The examples correspond to following three advantages of rank-based correlation:
- Rank correlation is robust to outliers.
- Rank correlation can reveal nonlinear relationships.
- Rank correlation is invariant under monotone increasing transformations.
Rank correlation is robust to outliers
The primary reason to use rank correlation is that it is robust to outliers. The traditional Pearson correlation uses sample moments of the data (means and standard deviations) to estimate the linear association between two variables. But means and standard deviations are not robust statistics; they are influenced by extreme outliers.

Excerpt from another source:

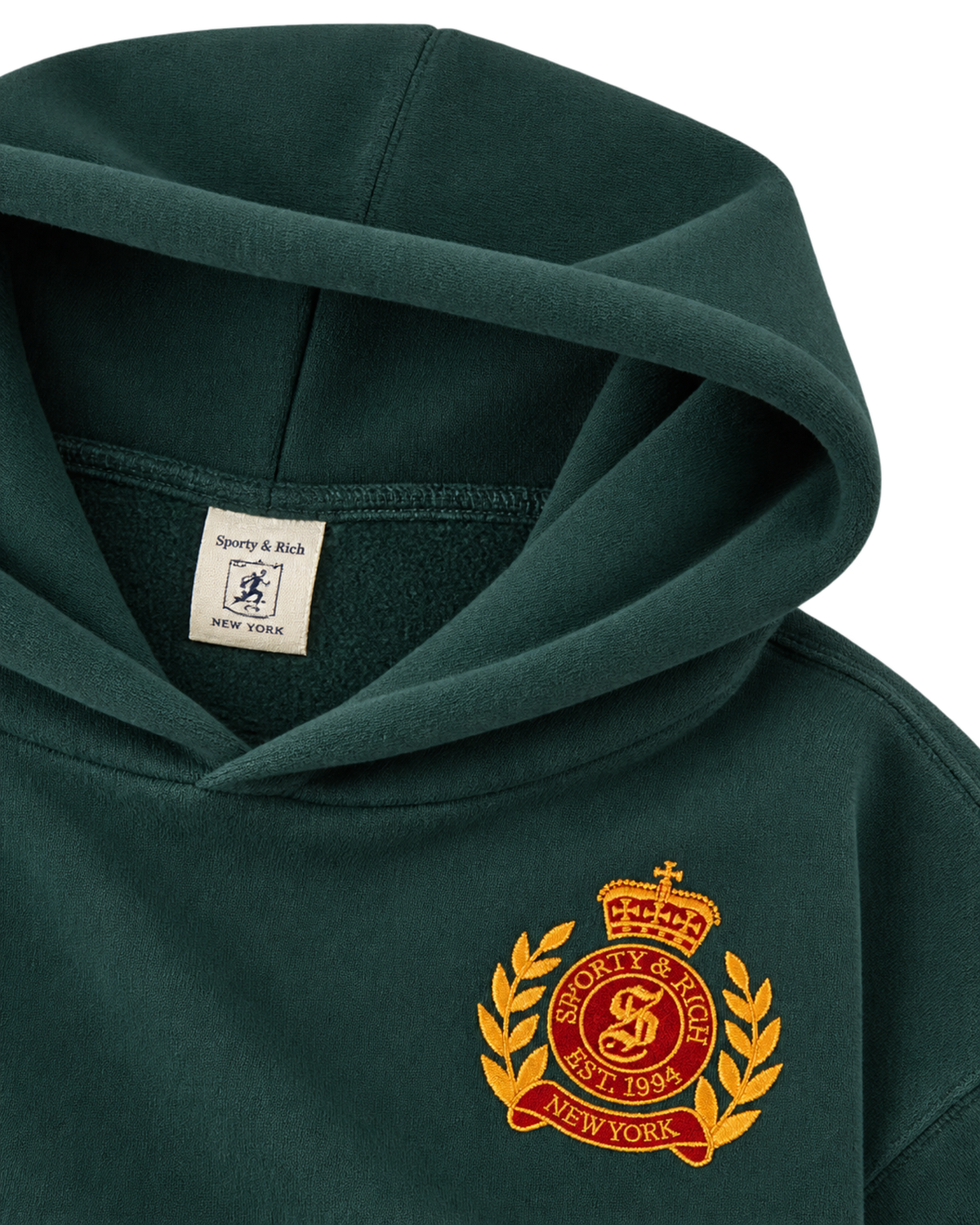 NY Crest Embroidered Hoodie - Forest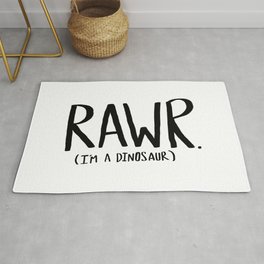 Rawr. I'm a Dinosaur Rug | Kids, Rawr, Kid, Child, Prehistoric, Lettering, Minimalistic, Roar, Black, Playful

Consider the following sample of N=99 observations. The data are generated from a bivariate normal model for which the (Pearson) correlation is 0.3. You can use the PEARSON and SPEARMAN options in PROC CORR in SAS to show that the Pearson and Spearman estimates are both close to the population value. The Pearson estimate is r = 0.26 and the Spearman estimate is s = 0.28. You can also ask PROC CORR to create a scatter plot of the data and to include a 95% prediction ellipse for new observations. The ellipse assumes that the data are bivariate normal.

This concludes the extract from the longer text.